Noutros tempos que não hoje, diz Fernando Varalonga, durante seis meses as famílias comiam o que as hortas e o rio davam. Além da enxada, redes de pesca, para apanhar ruivaco, enguia, lampreia, barbo e outras espécies. “Tínhamos peixe com abundância e até camarão miúdo. Fritava-se e ficava vermelhinho tal e qual como o camarão do mar. Aquilo era bom!”
Sangue novo
A meia dúzia de quilómetros, na Ortigosa, o negócio da Sociedade Agrícola do Vale do Lis é liderado por Fábio Franco, 32 anos, que se instalou como agricultor em 2014 e é responsável por nove postos de trabalho a tempo inteiro e um investimento acumulado de um milhão de euros em infraestruturas e maquinaria, até à data.
Entre estufas e ar livre, gere 40 hectares. O principal produto da empresa é a alface de quarta gama, que chega ao consumidor já lavada e cortada, logo, mais cara.
As memórias de “fazer mercados” com a mãe levam-no por um caminho diferente do tradicional. “Ao fazermos mercados perdemos qualidade de vida” e “hoje o agricultor também tem vida social”. Em vez de todos os dias trabalhar de sol a sol, não abdica de dias para jantar com a namorada, por exemplo.
Através de uma organização de produtores em Torres Vedras, a Sociedade Agrícola do Vale do Lis escoa 50 mil alfaces por semana, que acabam em restaurantes, cadeias de fast food como a McDonald’s e prateleiras de supermercados.

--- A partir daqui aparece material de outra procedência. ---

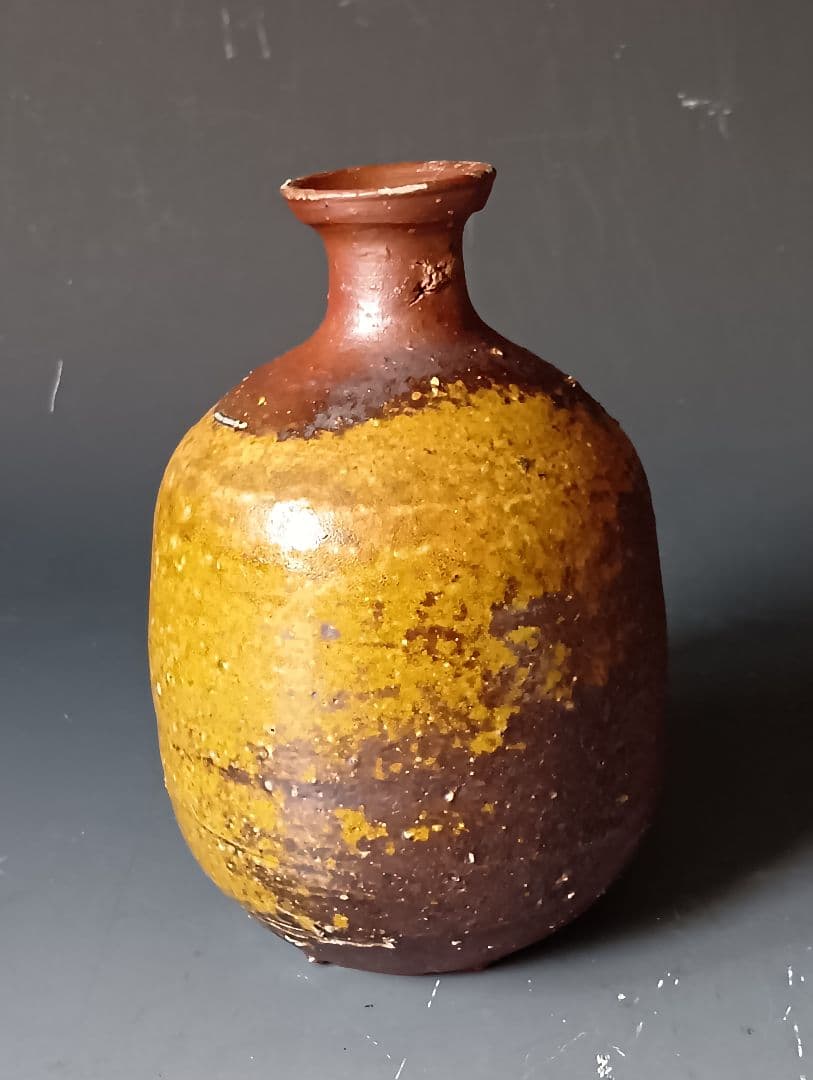 コ*ヌ様 人間国宝・藤原啓「備前徳利」/共箱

Os contratos são anuais. Fábio Franco não tem de se preocupar com a comercialização, nem suporta custos de armazenamento, porque as saídas são diárias. “Os produtores por norma fazem as produções sem saber para onde vão vender, sem saber preço, sem saber rigorosamente nada. E isso em termos de gestão é complicado”.
Nas culturas que gere, a tecnologia já é indispensável. Rega automatizada, monitorização da temperatura no interior das estufas através de programa informático que abre e fecha as janelas autonomamente, sondas de humidade no solo para evitar excesso de água ou stress hídrico e maquinaria de última geração, por exemplo, uma alfaia comprada recentemente que numa única passagem executa seis operações.
“O grande entrave ao desenvolvimento” do Vale do Lis, afirma ao JORNAL DE LEIRIA, é mesmo o número excessivo de proprietários e de parcelas. “As parcelas quanto maior dimensão têm, mais se tornam rentáveis. E o que acontece aqui é que as propriedades são de pequena dimensão e estamos dependentes da filosofia de cada proprietário e do destino que entender dar à sua propriedade”.
Para o país inteiro
Entretanto, na Aroeira, Monte Redondo, o maior agricultor do Vale do Lis suporta-se nos computadores e no pormenor estatístico para controlar 150 hectares em estufas e ao ar livre, duas empresas, 80 postos de trabalho e os viveiros da Germiplanta de onde saem, todos os anos, em média, mais de 100 milhões de plantas hortícolas para todo o país, através de retalhistas ou distribuição directa aos agricultores.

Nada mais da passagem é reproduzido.